Stored dataset items:
·····

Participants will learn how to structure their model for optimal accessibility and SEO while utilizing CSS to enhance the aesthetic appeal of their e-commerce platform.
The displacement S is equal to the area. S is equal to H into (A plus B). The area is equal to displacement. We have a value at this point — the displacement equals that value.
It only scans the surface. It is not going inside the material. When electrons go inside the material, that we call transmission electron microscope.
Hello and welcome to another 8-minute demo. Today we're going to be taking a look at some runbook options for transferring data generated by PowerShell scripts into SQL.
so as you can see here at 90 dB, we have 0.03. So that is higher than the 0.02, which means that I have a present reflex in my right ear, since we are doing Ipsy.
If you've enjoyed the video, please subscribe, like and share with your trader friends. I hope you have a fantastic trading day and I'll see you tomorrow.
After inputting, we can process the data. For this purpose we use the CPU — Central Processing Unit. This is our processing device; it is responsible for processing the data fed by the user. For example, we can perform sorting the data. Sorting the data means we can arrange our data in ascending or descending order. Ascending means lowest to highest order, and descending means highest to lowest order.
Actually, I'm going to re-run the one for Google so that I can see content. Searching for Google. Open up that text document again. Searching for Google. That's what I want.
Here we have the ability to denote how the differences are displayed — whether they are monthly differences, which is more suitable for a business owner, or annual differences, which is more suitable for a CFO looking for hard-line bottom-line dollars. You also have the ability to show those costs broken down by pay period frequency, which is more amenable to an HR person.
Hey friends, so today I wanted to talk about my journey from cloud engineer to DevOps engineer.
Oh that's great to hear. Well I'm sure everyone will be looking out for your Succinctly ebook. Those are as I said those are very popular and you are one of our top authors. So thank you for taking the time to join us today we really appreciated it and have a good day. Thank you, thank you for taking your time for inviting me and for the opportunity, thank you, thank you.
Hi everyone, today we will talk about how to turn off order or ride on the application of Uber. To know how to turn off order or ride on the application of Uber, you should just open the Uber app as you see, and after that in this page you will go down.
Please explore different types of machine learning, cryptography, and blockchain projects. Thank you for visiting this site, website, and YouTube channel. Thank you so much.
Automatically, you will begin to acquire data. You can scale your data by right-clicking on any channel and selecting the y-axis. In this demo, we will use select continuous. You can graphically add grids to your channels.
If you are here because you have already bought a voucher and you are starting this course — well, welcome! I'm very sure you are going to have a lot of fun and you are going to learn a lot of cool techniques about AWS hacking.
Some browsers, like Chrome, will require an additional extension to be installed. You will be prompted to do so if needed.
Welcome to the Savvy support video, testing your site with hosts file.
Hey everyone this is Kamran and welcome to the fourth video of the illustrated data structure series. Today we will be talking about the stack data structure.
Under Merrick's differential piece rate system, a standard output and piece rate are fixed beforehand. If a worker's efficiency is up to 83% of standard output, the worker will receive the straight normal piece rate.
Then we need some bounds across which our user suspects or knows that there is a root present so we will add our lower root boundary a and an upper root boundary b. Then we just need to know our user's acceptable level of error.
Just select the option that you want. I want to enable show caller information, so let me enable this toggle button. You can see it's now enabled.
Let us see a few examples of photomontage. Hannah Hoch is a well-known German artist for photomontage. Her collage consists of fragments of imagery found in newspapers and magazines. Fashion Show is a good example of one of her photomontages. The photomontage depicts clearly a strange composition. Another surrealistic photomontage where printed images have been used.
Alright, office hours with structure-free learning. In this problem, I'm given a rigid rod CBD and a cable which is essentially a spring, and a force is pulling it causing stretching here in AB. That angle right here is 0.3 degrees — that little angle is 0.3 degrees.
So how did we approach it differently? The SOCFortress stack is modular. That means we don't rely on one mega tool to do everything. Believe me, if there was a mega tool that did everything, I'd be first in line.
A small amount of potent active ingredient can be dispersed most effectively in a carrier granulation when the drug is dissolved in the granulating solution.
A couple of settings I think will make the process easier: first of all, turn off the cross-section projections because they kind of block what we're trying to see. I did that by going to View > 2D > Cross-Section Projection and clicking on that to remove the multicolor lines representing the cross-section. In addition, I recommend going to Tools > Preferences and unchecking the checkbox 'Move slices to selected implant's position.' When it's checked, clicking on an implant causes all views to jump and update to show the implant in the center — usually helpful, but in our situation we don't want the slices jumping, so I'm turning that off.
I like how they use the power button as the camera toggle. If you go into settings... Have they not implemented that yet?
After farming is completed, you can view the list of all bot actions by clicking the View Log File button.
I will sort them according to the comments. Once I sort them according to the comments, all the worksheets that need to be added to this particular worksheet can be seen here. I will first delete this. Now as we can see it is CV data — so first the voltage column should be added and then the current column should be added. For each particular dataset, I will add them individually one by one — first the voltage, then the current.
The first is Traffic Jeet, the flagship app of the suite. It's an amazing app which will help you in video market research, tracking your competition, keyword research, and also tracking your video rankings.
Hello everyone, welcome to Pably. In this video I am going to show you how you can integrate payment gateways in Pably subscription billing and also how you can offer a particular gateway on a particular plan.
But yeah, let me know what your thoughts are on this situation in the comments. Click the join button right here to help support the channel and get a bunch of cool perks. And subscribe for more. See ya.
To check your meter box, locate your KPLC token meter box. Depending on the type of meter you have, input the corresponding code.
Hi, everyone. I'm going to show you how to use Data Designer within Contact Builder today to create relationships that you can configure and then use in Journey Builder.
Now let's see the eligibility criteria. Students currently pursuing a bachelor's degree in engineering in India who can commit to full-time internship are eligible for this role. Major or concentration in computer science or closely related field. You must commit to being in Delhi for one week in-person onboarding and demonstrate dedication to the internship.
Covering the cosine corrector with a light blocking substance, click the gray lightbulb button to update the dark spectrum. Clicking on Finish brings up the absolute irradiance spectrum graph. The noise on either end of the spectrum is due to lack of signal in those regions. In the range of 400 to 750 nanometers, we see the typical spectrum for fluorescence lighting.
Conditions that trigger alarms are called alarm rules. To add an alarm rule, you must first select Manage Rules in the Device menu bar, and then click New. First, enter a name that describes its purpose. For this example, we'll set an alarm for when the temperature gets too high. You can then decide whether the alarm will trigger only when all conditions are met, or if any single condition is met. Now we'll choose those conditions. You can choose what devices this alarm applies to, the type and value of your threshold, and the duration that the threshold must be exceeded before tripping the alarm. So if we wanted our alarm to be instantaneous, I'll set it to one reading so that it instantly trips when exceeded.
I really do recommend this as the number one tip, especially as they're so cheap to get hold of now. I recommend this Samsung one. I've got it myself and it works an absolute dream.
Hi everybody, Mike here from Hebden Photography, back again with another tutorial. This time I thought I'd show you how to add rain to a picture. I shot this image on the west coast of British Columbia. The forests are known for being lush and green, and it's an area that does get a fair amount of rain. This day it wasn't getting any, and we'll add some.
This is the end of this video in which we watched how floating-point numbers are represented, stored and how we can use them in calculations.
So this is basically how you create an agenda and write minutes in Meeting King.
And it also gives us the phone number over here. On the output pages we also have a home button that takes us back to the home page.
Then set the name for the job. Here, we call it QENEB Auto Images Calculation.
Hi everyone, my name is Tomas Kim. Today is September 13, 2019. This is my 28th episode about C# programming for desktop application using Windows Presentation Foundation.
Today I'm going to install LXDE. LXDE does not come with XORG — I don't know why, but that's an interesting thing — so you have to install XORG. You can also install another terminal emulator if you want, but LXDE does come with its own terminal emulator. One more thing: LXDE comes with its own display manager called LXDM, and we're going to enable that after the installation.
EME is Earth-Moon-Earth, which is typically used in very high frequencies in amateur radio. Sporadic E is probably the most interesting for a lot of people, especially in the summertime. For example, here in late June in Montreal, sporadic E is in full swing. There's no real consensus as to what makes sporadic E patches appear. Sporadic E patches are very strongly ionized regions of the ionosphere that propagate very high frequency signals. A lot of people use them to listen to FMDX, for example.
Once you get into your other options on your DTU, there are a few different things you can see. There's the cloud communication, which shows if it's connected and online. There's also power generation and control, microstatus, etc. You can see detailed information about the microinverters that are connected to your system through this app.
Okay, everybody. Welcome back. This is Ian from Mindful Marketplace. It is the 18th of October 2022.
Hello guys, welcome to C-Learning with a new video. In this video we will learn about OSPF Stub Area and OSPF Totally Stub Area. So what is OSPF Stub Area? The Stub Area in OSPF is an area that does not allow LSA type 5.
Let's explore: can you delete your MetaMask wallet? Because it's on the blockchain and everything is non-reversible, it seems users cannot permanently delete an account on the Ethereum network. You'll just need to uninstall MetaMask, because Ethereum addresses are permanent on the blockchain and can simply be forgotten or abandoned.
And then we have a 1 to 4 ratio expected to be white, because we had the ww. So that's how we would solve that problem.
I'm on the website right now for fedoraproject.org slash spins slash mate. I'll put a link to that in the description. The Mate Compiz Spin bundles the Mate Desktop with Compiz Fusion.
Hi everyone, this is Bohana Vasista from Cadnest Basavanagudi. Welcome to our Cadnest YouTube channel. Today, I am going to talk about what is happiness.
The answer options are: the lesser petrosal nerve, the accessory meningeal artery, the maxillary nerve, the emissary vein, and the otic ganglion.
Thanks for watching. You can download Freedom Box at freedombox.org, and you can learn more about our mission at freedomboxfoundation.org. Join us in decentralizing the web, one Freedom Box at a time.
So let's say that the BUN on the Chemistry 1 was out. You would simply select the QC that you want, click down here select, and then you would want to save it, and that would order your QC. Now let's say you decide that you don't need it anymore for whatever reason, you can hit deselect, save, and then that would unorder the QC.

·····

The problem: In the data above, find the line that contains "A small amount" and the line that contains "A couple of". Repeat exactly those lines and every line between them, and only those.

Response area:
A small amount of potent active ingredient can be dispersed most effectively in a carrier granulation when the drug is dissolved in the granulating solution.
A couple of settings I think will make the process easier: first of all, turn off the cross-section projections because they kind of block what we're trying to see. I did that by going to View > 2D > Cross-Section Projection and clicking on that to remove the multicolor lines representing the cross-section. In addition, I recommend going to Tools > Preferences and unchecking the checkbox 'Move slices to selected implant's position.' When it's checked, clicking on an implant causes all views to jump and update to show the implant in the center — usually helpful, but in our situation we don't want the slices jumping, so I'm turning that off.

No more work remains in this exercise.